- _LISTED RECORDS_
____

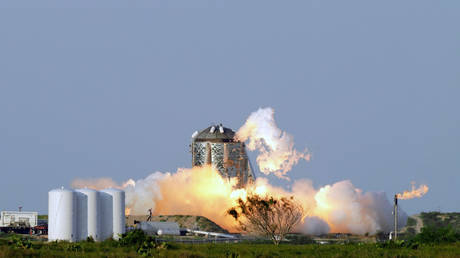 SpaceX performs an untethered test at their facility in Boca Chica, Texas. © REUTERS/Veronica G. Cardenas
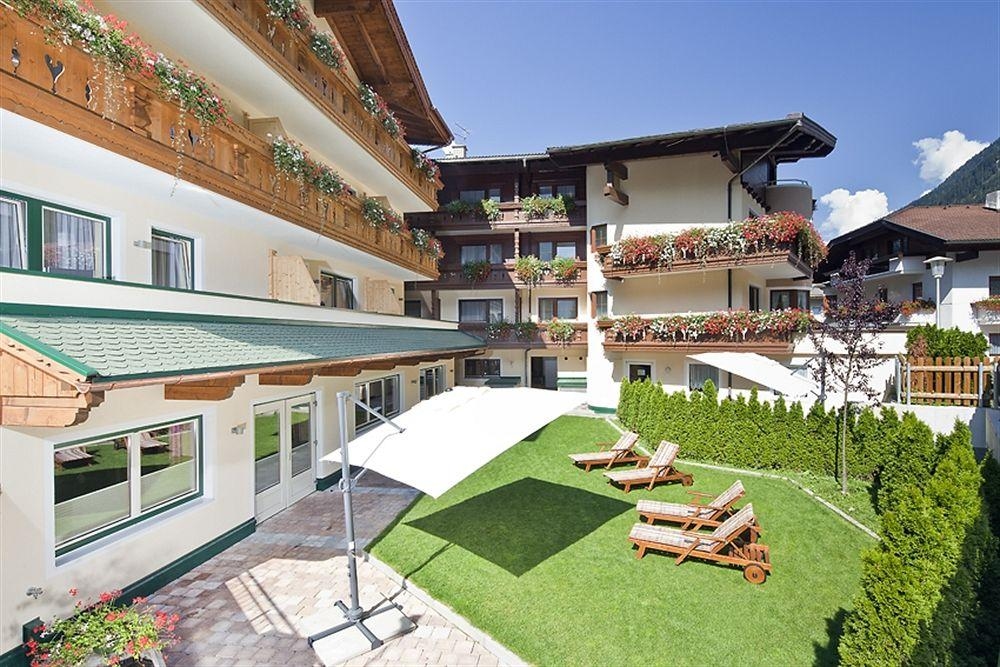 Hotel Rose0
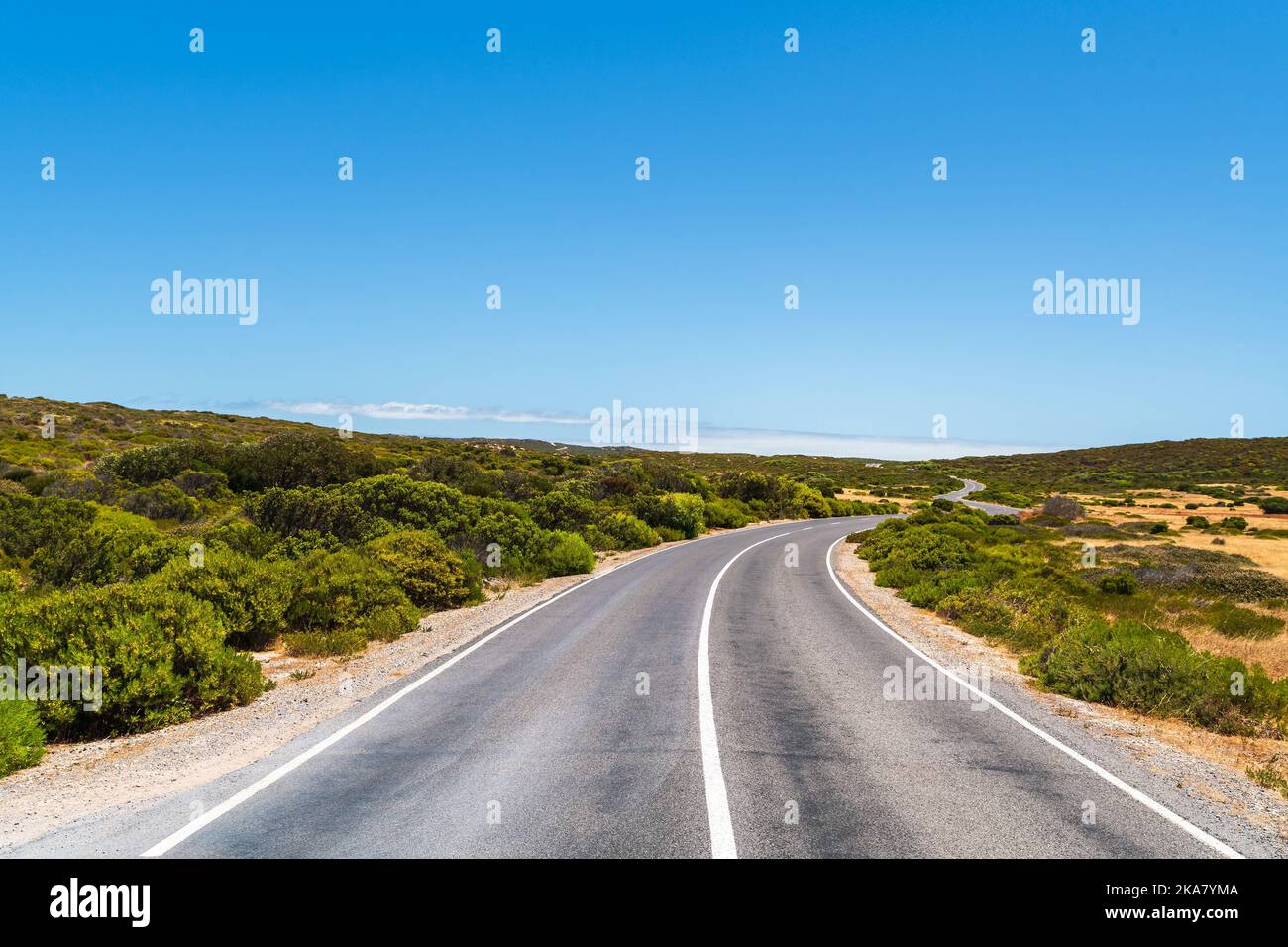 Kurvenreiche Straße durch den Innes National Park an einem hellen Tag, Yorke Peninsula, Südaustralien Stockfoto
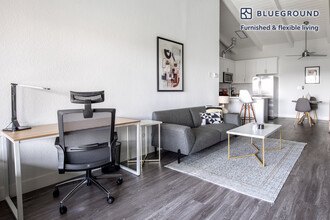 6510 Green Valley Cir in Culver City, CA - Building Photo - Building Photo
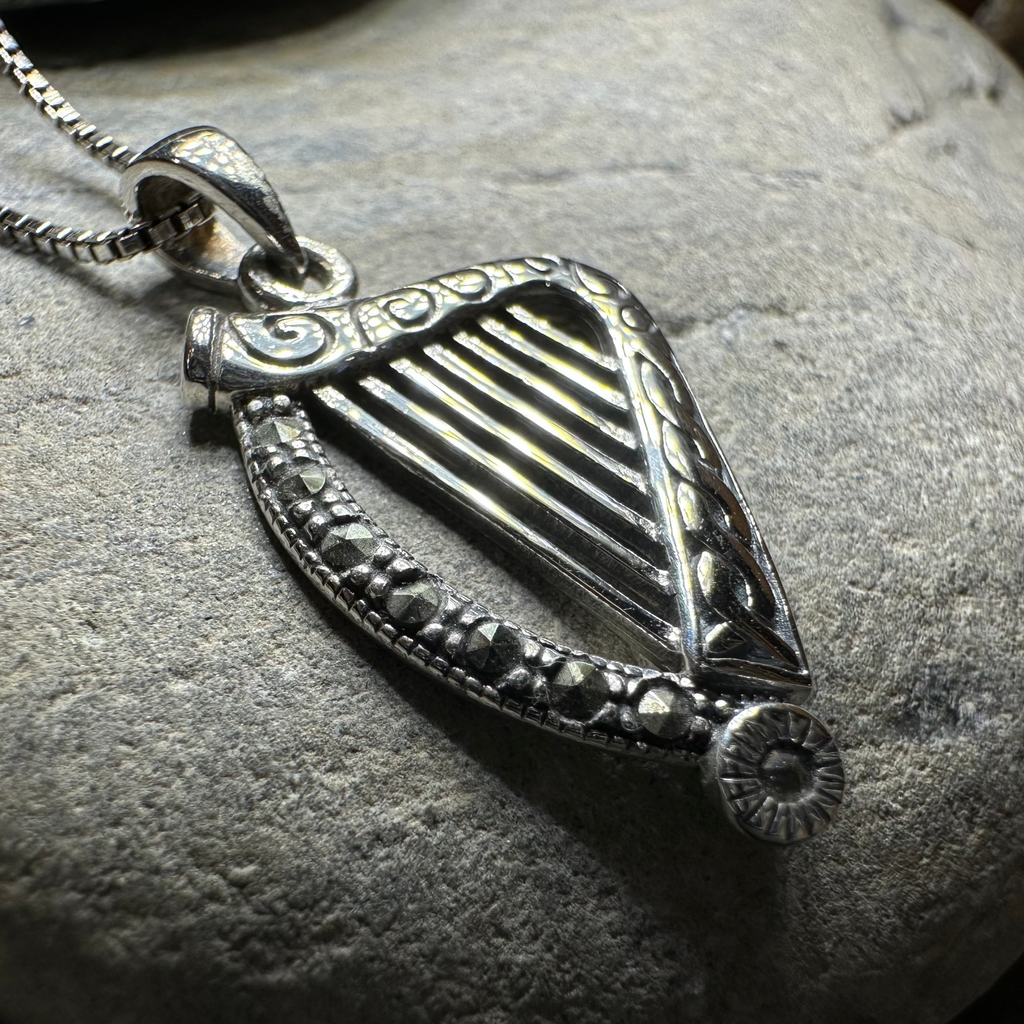 Cinnia Celtic Harp Necklace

____

- _EXERCISE DESCRIPTION_
Leave every picture out and set down exactly the lines running from the one with "Hotel Rose0" to the last line of the material above.

- _SOLUTION BELOW_
 Hotel Rose0
 Kurvenreiche Straße durch den Innes National Park an einem hellen Tag, Yorke Peninsula, Südaustralien Stockfoto
 6510 Green Valley Cir in Culver City, CA - Building Photo - Building Photo
 Cinnia Celtic Harp Necklace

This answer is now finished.